Clinic n° 10 du 01/11/2009

 

DE BOUCHE À OREILLE

Frédéric Besse frbesse@hotmail.com  

nLa conséquence la plus évidente de la paupérisation de notre société pour notre profession est le transfert inévitable du financement de la majorité des actes dentaires vers des assurances privées. Pour l'instant, au stade de la préparation des mentalités, les organismes complémentaires ont mis en place des plates-formes de conseil à leurs assurés, les incitant à demander plusieurs devis avant de commencer les soins. Cette approche rhétorique, réduisant volontairement le...

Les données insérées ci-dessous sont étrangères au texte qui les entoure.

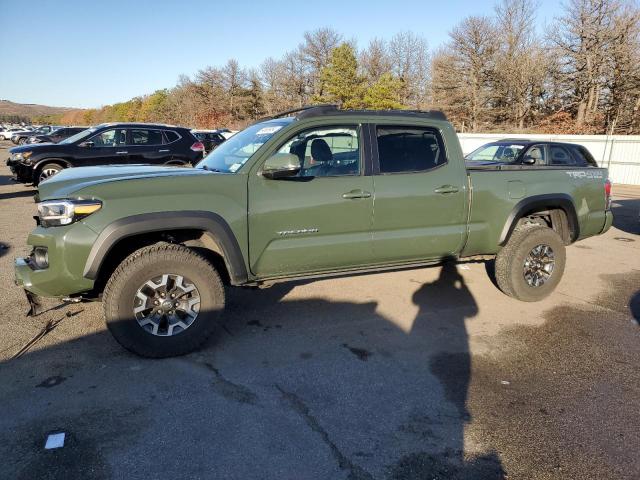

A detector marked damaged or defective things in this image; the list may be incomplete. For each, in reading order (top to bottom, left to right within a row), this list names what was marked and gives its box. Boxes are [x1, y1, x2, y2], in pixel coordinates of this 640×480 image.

nLa conséquence la plus évidente de la paupérisation de notre société pour notre profession est le transfert inévitable du financement de la majorité des actes dentaires vers des assurances privées. Pour l'instant, au stade de la préparation des mentalités, les organismes complémentaires ont mis en place des plates-formes de conseil à leurs assurés, les incitant à demander plusieurs devis avant de commencer les soins. Cette approche rhétorique, réduisant volontairement le rôle du chirurgien-dentiste à celui de revendeur de soins et de prothèse, est scandaleuse, et on ne peut que s'étonner de la passivité de notre Conseil de l'Ordre et de nos syndicats face à une attitude aussi agressive. Continuer d'accepter de faire des devis comparatifs à des patients à la recherche de soins bon marché, c'est faire le lit de la fin de l'exercice libéral. C'est accepter de devenir de simples sous-traitants de compagnies dont le seul but sera de dépenser le moins d'argent possible pour soigner leurs clients, en recherchant la réduction des coûts par la mise en concurrence de professionnels de santé contraints de réduire leurs honoraires pour survivre. Continuer d'accepter de faire des devis comparatifs, c'est accepter le marchandage, la TVA, les publicités tape-à-l'oeil, les semaines de la céramique à 150 ?... Continuer d'accepter de faire des devis comparatifs, c'est renier nos compétences pour devenir des marchands de soins soumis à une seule loi : celle du marché, du moins-disant, du plus racoleur.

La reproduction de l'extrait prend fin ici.